The challenge is to compare two pictures containing faces and decide whether they are pictures of the same person or two different people. In the experiment, 6000 pairs of images were examined, both by humans and by algorithms from various teams around the world. Three teams, including Baidu, Google and the Chinese University of Hong Kong achieved better-than-human recognition performance. The Baidu team made just 9 errors out of the 6000 examples.
Here is a slide from Professor Ng’s talk with images of the ones they got wrong:
You may notice that the top-left image pair is of movie actress Nicole Kidman, which the Baidu system incorrectly classified as two different people. What may be less obvious, is that the second image of Ms. Kidman was taken from her film, “The Hours” in which she is wearing a prosthetic nose.
Here are the overall results from implementations done by teams throughout the world. The dashed line indicates human performance at the same task. People typically think of recognizing faces as a very innate human task, but once again, we can be surprised that machine learning algorithms are now capable of equalling or outperforming humans.

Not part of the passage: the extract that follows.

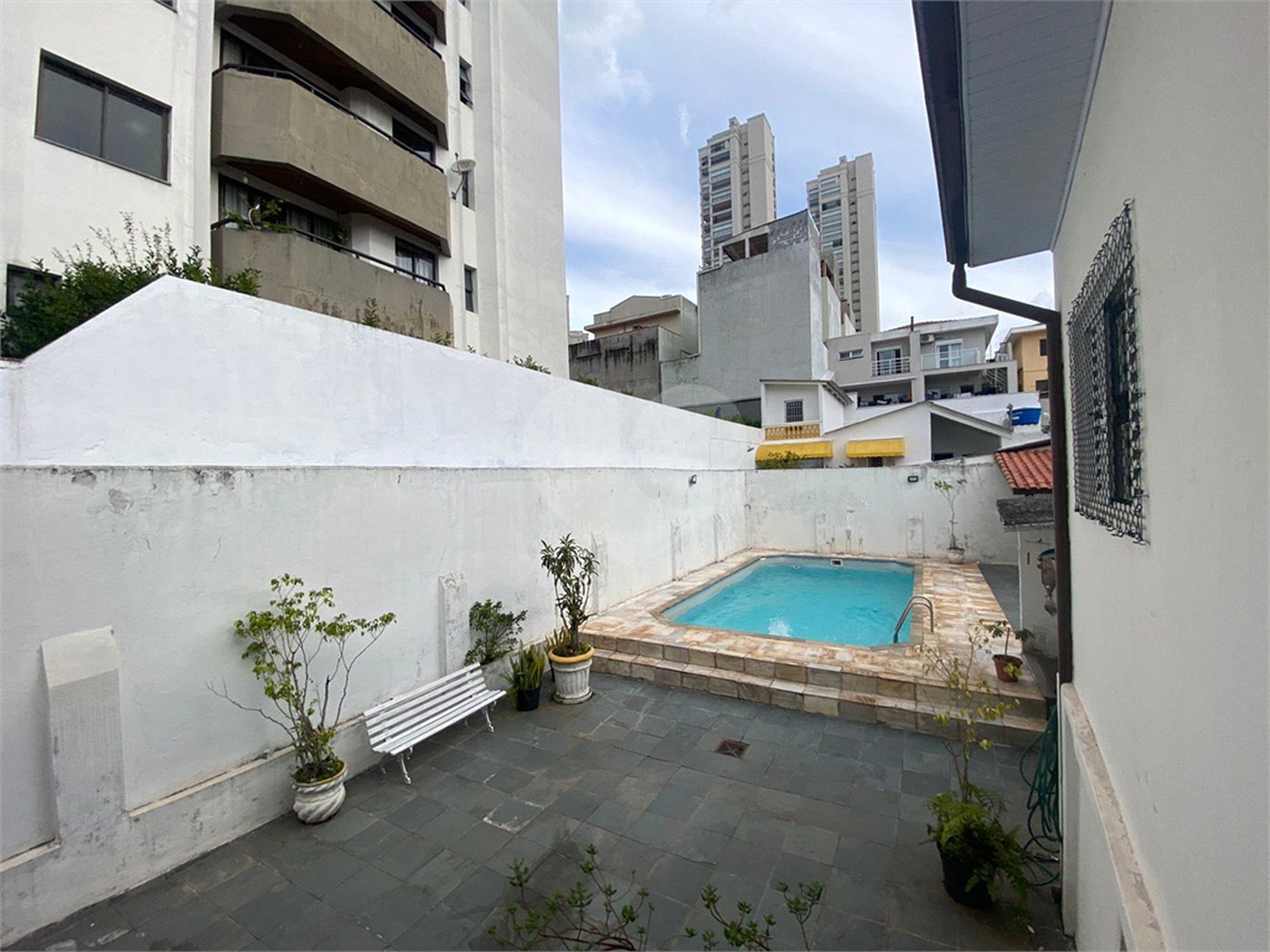 Casa Térrea à venda com 3 quartos, sendo 1 suíte, em Santa Teresinha, São Paulo, SP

In his talk, Professor Ng credits two major factors as contributing to the vast improvements in machine learning technology over the past five years. As an analogy, think of launching a rocket into orbit: we need 1) both giant rocket engines and 2) lots of rocket fuel.
The rocket engine in his scenario is the incredible computational performance improvements brought to us by GPU technology. The fuel then, is access to huge amounts of data, coming to us from the prevalence of internet connected sensors, online services, and our society’s march toward digitization.

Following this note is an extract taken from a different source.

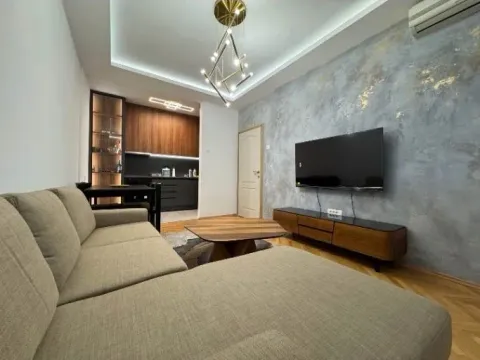 Izdavanje, jednosoban stan, 60m2, Preko Morače, Podgorica Izdavanje, jednosoban stan, 60m2, Preko Morače, Podgorica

To perform this astounding face comparison judgment, algorithms are trained on facial data. The flow chart in the image above shows that if the algorithm is not performing well on the training data, we need a more powerful rocket engine.
The second part of the flowchart above illustrates that if the algorithm is learning the training data quite well, but performing poorly when presented with new examples, then perhaps more “rocket fuel” is required, so gathering more training data would be the logical approach to improve the system.

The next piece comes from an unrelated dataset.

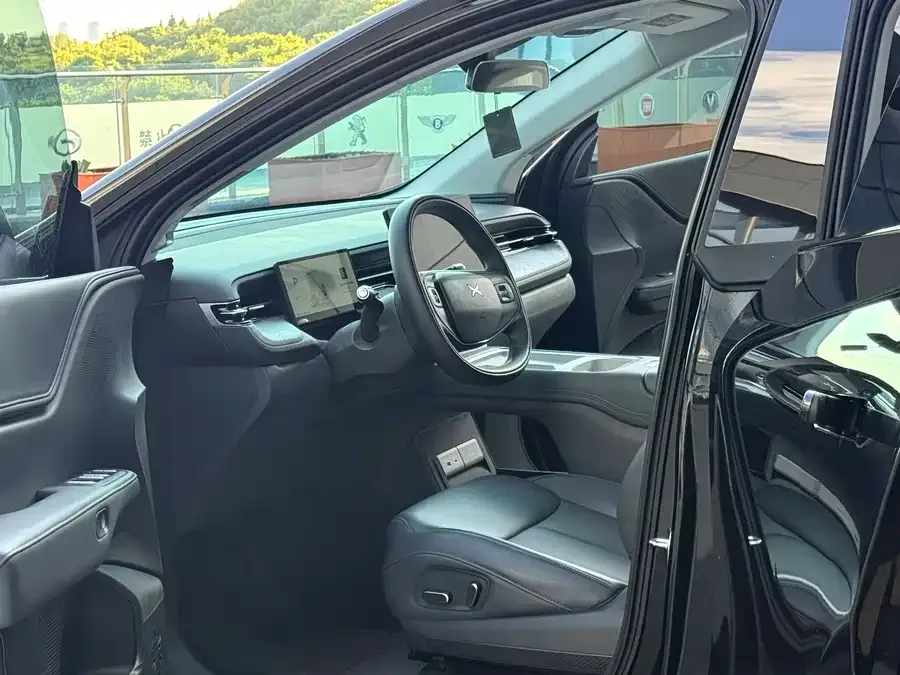 XPeng G6 Xpeng G6 2025 Model 625 Long Range Max Technology Edition 2025 — миниатюра 3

Professor Ng compares the benefits of high performance computing with cloud computing and states that better training performance may be achievable say with 32 GPUs in a co-located rack than by a larger number of servers running in the cloud. His reasoning is that communication latency, server downtime and other failures are more prevalent in cloud-based systems because they are spread out across more machines with more network connections.
Machine learning has been demonstrated to be good at many things. The recent improvements are not limited to face comparisons, in fact in this same talk improvements to Baidu’s speech recognition system were shown to perform well in noisy environments.